Where I used to work there is permanent class war because professors put professional standards above personal convenience and instructors do the opposite. You cannot have a program in that way, especially when the instructors are the more powerful group and have the most backing.

Teaching goal of professors: produce good majors and graduate students.

Teaching goal of instructors: automate classes as much as possible so as to teach as many courses on overtime as possible and make as much possible money in the least amount of time. Also, convince administration to assign them as many upper division courses as possible. According to instructors, a PhD is obtained by doing two years of coursework beyond the MA (i.e. a PhD  is the MA + 30) and its functional equivalent is seniority at the MA level. Therefore, replacement of professors by instructors in upper division courses is reasonable — especially since there are plenty of textbook representatives available to teach them the relevant course content.

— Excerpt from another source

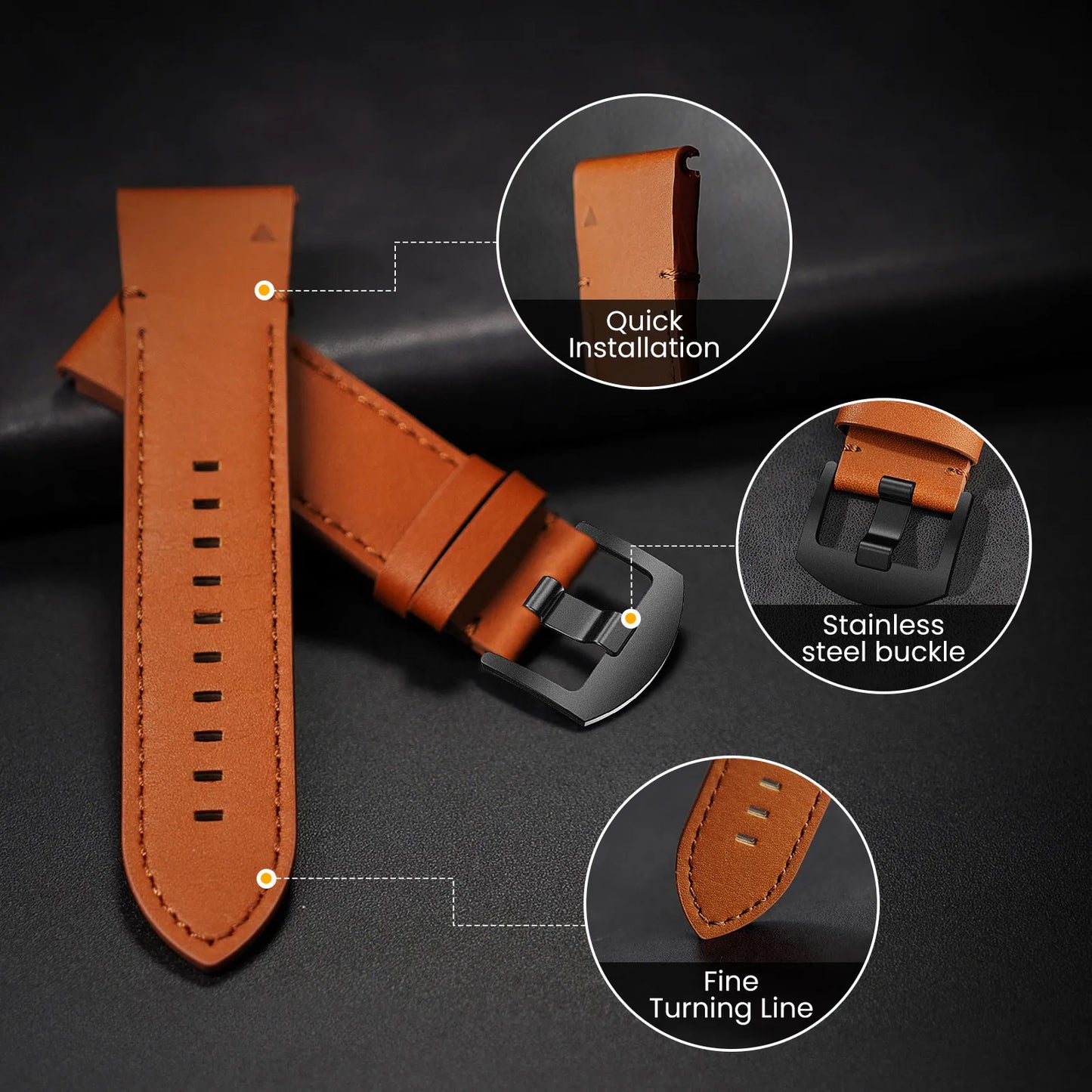 ANBEST Genuine Leather Strap for Garmin Tactix 7 Pro/Fenix 6X Pro Quick Fit Band for Fenix 5/6/7/Instinct Watchband Bracelet
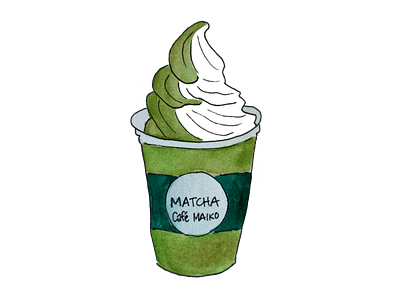 Matcha soft serve design flat food and drink food illustration illustration ux watercolor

The administration’s official goals were those of the professors but their real goals were those of the instructors. The assistant professors with the best pedagogical training were threatening to the instructors and were turned down at tenure time for alleged poor teaching. I think this was far worse than not counting teaching at all for tenure or not caring about it — because this was negative caring.

What other universities do: limit the total number of courses each person is allowed to teach. If you cannot afford to live on that amount of money then you must go into another line of work.

Why we could not do that: there were not enough unemployed M.A.s walking around on the streets to enable us to just hire someone else. We had to let our instructors teach seven and eight courses because if they did not, they could not buy property or new cars. We would become less viable for them and there would be nobody at all left to teach, it was said. We could not simply raise salaries such that instructors would not require so much overtime, it was said.

This last point was valid in its way. Despite what they alleged, instructors did not make much less than assistant professors, who had many more responsibilities and who also had research expenses to cover, so they also deserved raises. Still it would have been more convenient for many had the instructors been paid more so as to feel happier and work with a different set of goals in mind.

The instructors said they put teaching first but this was only because they did not do research or service: they liked saying they were faculty, but they did not actually like the students or the material.

Our academic advisors told us to put teaching last and they did us a great disservice. I already dislike lower division teaching enough;  to have had to listen to so many lectures about how doing it right would hurt my career only makes it more painful. In real life you have to be very much up on lower division teaching and able to effectively defend against these instructors and these kinds of situations in general.

When I think of these poorly informed professors preaching on about this matter I want to push them right off the Berkeley Marina. With a plopping sound they will fall right into the water and then stand there waist deep, looking surprised.


2 thoughts on “On Class War

  1. You are a very brave woman to write about this issue the way you do. There is, indeed, a festering conflict always taking place along these lines and nobody knows how to resolve it. But the issue is scary, so people prefer not to talk about it at all.

  2. Well someone has to talk about it. In some places it can be swept under the rug but in some places I’ve been it’s the reason for revolving door syndrome and other forms of underdevelopment!